● What this task involves
Write the entries below out again without a single difference.

● Data provided
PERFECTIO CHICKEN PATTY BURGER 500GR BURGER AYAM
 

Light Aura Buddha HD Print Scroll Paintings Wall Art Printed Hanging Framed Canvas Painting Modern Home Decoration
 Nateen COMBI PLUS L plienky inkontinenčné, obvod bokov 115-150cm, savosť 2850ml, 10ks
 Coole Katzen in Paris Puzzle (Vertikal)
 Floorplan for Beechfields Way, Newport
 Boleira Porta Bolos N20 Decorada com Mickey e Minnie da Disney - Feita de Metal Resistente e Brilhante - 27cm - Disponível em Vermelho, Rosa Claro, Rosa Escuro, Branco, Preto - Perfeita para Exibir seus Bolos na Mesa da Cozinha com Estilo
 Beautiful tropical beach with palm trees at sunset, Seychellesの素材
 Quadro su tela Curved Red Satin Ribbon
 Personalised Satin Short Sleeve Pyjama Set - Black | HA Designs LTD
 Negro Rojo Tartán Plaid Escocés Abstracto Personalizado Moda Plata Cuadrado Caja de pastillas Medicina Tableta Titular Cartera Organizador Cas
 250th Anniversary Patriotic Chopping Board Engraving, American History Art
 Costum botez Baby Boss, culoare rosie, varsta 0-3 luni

● Solved problem
PERFECTIO CHICKEN PATTY BURGER 500GR BURGER AYAM
 

Light Aura Buddha HD Print Scroll Paintings Wall Art Printed Hanging Framed Canvas Painting Modern Home Decoration
 Nateen COMBI PLUS L plienky inkontinenčné, obvod bokov 115-150cm, savosť 2850ml, 10ks
 Coole Katzen in Paris Puzzle (Vertikal)
 Floorplan for Beechfields Way, Newport
 Boleira Porta Bolos N20 Decorada com Mickey e Minnie da Disney - Feita de Metal Resistente e Brilhante - 27cm - Disponível em Vermelho, Rosa Claro, Rosa Escuro, Branco, Preto - Perfeita para Exibir seus Bolos na Mesa da Cozinha com Estilo
 Beautiful tropical beach with palm trees at sunset, Seychellesの素材
 Quadro su tela Curved Red Satin Ribbon
 Personalised Satin Short Sleeve Pyjama Set - Black | HA Designs LTD
 Negro Rojo Tartán Plaid Escocés Abstracto Personalizado Moda Plata Cuadrado Caja de pastillas Medicina Tableta Titular Cartera Organizador Cas
 250th Anniversary Patriotic Chopping Board Engraving, American History Art
 Costum botez Baby Boss, culoare rosie, varsta 0-3 luni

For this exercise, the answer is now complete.